- PROVIDED DATA -
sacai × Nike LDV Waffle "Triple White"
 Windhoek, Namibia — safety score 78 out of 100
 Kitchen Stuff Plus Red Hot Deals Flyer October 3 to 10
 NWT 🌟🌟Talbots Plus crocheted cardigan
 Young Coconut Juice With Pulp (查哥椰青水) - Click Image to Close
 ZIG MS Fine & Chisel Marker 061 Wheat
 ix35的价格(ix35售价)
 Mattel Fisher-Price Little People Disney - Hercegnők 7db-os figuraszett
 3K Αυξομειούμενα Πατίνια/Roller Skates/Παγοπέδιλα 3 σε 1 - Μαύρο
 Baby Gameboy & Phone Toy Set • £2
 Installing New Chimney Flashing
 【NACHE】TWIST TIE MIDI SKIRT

- ASSIGNMENT -
Using the material above, output each line exactly as it appears.

- SOLUTION BELOW -
sacai × Nike LDV Waffle "Triple White"
 Windhoek, Namibia — safety score 78 out of 100
 Kitchen Stuff Plus Red Hot Deals Flyer October 3 to 10
 NWT 🌟🌟Talbots Plus crocheted cardigan
 Young Coconut Juice With Pulp (查哥椰青水) - Click Image to Close
 ZIG MS Fine & Chisel Marker 061 Wheat
 ix35的价格(ix35售价)
 Mattel Fisher-Price Little People Disney - Hercegnők 7db-os figuraszett
 3K Αυξομειούμενα Πατίνια/Roller Skates/Παγοπέδιλα 3 σε 1 - Μαύρο
 Baby Gameboy & Phone Toy Set • £2
 Installing New Chimney Flashing
 【NACHE】TWIST TIE MIDI SKIRT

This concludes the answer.